# WHAT TO WORK ON
For the data that follows, print the line with "Wanduhr Theo Schwarz/Goldfarben", the line with "Tablou pe pânză", and all lines between them, exactly as they stand. Omit pictures and add nothing.

# WORKING DATA
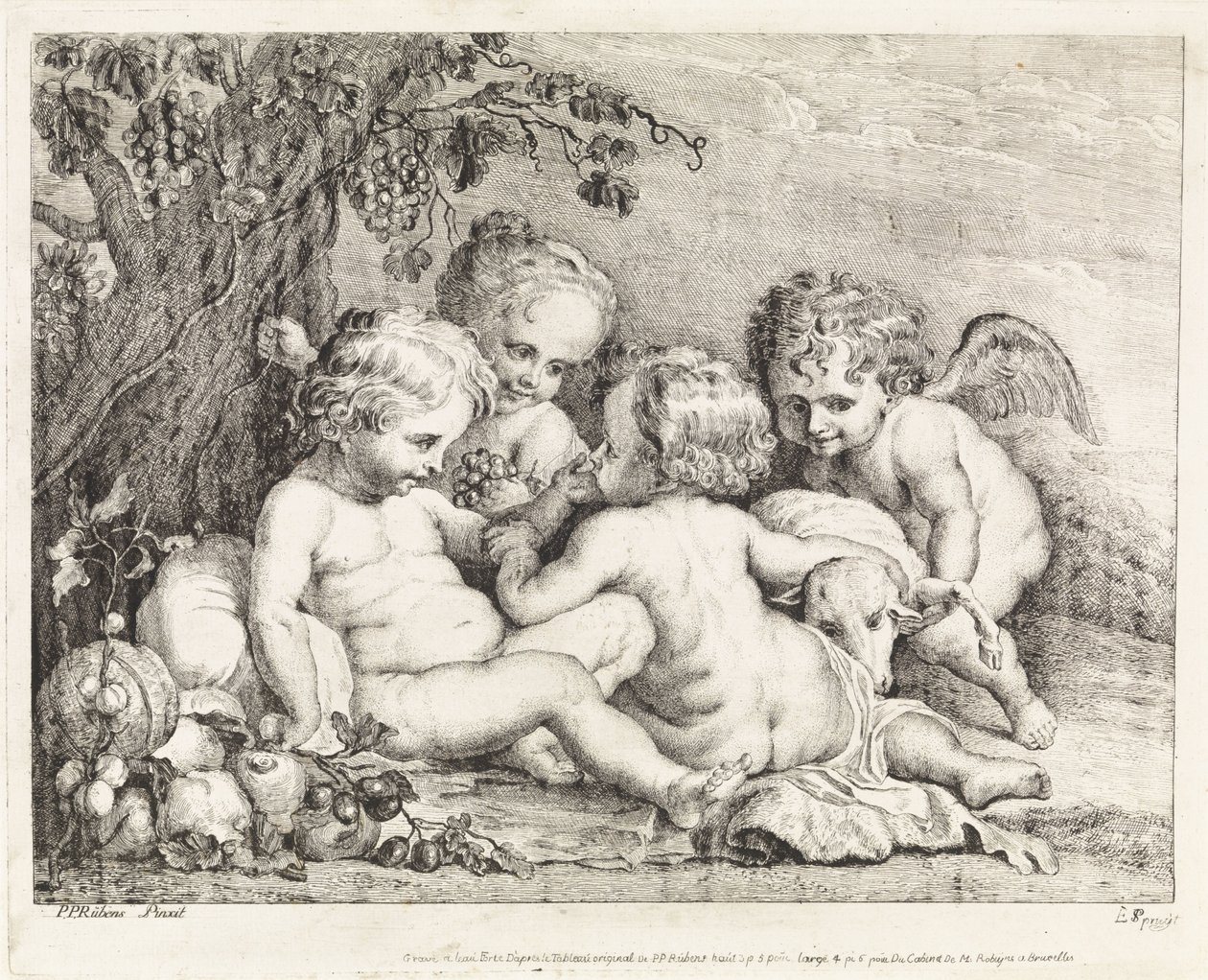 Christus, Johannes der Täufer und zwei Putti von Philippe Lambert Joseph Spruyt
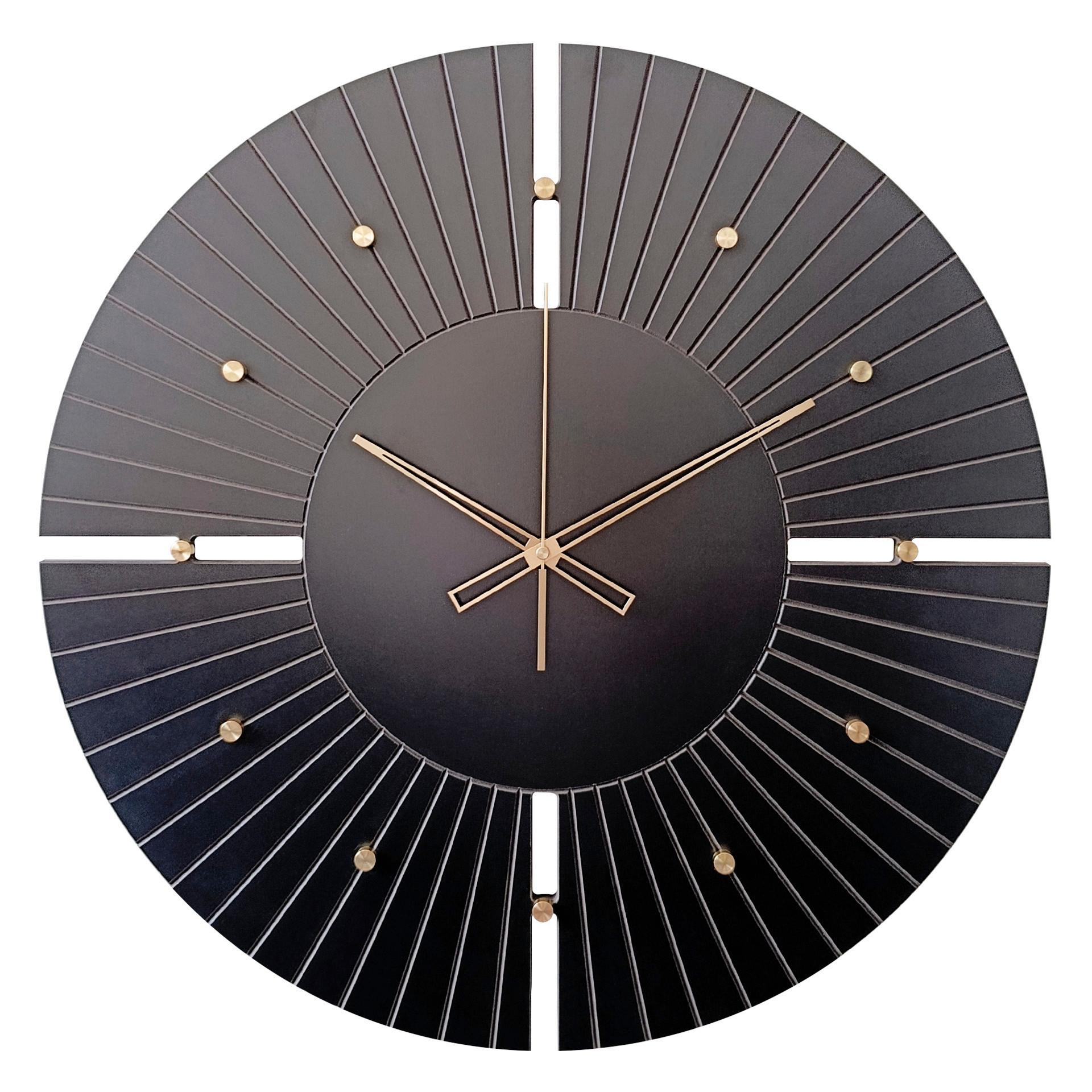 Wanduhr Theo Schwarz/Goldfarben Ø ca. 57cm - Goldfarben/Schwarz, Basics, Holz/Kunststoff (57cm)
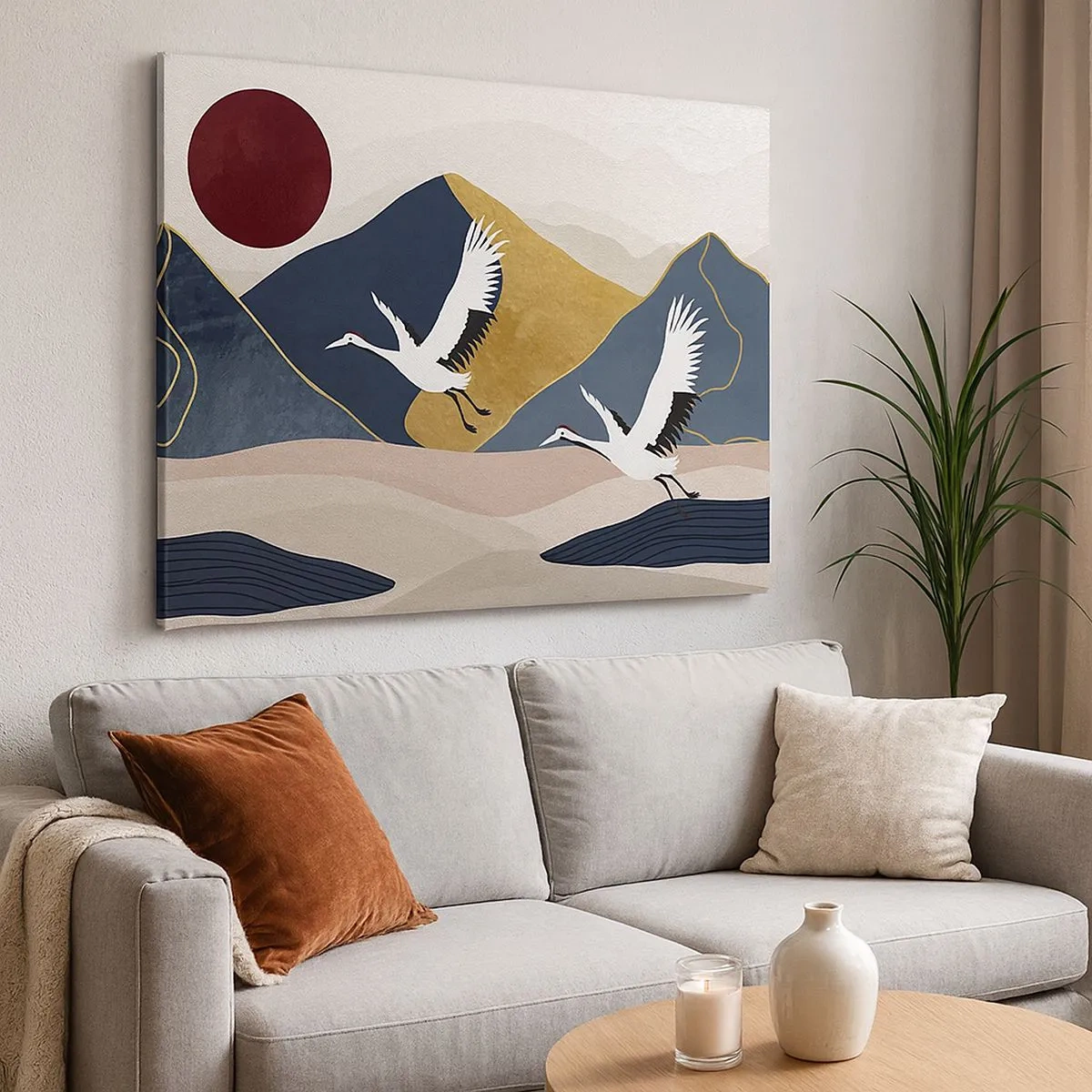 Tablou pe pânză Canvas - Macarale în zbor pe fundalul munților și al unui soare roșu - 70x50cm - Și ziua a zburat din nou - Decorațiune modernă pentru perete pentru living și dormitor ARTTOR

* * *

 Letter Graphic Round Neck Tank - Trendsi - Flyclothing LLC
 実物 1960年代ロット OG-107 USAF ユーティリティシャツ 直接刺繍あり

# YOUR SOLUTION
 Wanduhr Theo Schwarz/Goldfarben Ø ca. 57cm - Goldfarben/Schwarz, Basics, Holz/Kunststoff (57cm)
 Tablou pe pânză Canvas - Macarale în zbor pe fundalul munților și al unui soare roșu - 70x50cm - Și ziua a zburat din nou - Decorațiune modernă pentru perete pentru living și dormitor ARTTOR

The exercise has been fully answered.